-- DATA SECTION follows --
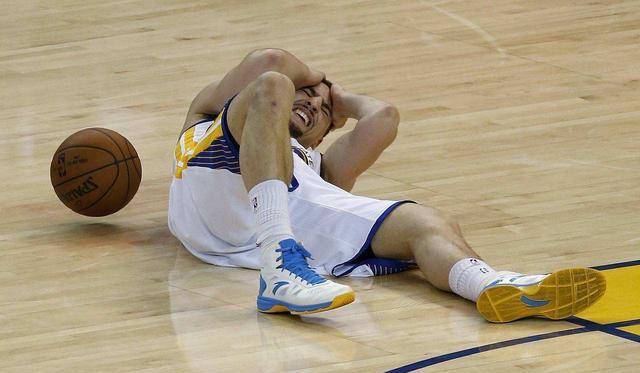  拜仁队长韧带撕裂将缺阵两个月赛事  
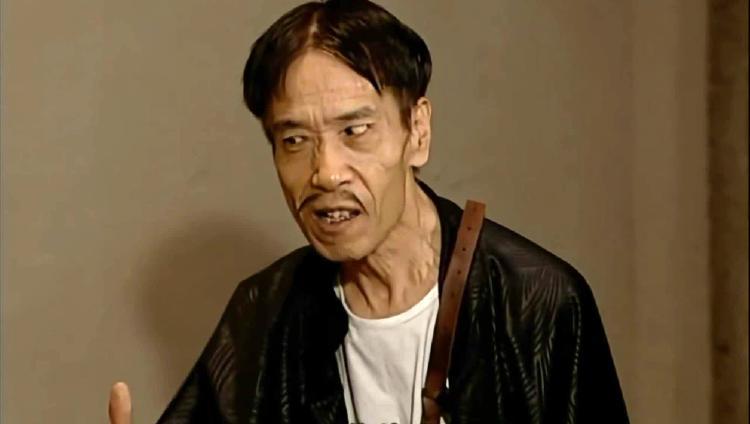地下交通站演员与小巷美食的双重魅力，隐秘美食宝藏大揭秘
-- DATA SECTION concluded --
-- DATA SECTION follows --
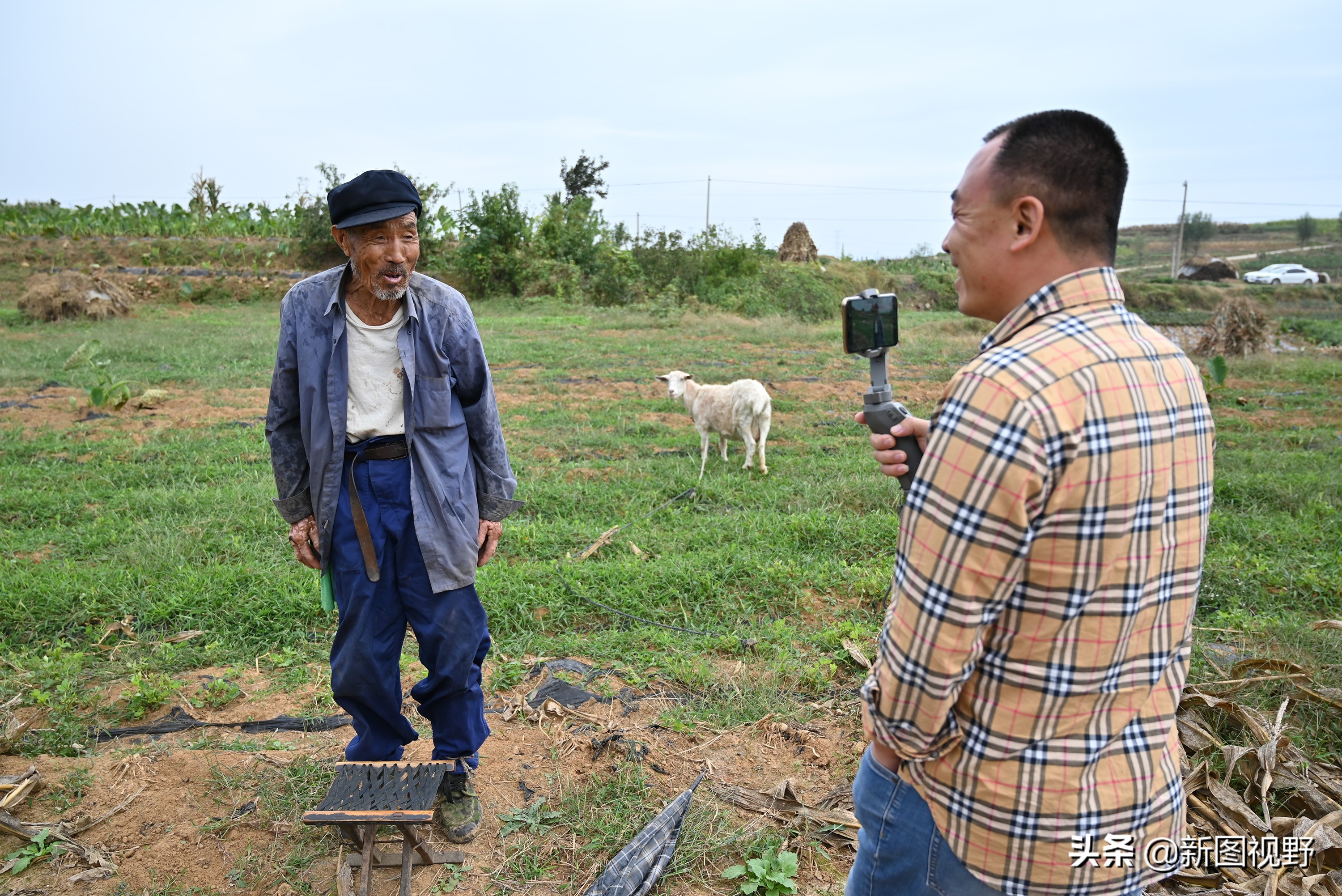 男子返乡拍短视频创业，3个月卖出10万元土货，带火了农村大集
-- DATA SECTION concluded --
▶ _TASK STATEMENT_
Working from the records above, set down word for word everything from the line containing "拜仁队长韧带撕裂将缺阵两个月赛事" down to the line containing "地下交通站演员与小巷美食的双重魅力，隐秘美食宝藏大揭秘", ends included, minus the pictures.

▶ _ANSWER SPACE_
  拜仁队长韧带撕裂将缺阵两个月赛事  
地下交通站演员与小巷美食的双重魅力，隐秘美食宝藏大揭秘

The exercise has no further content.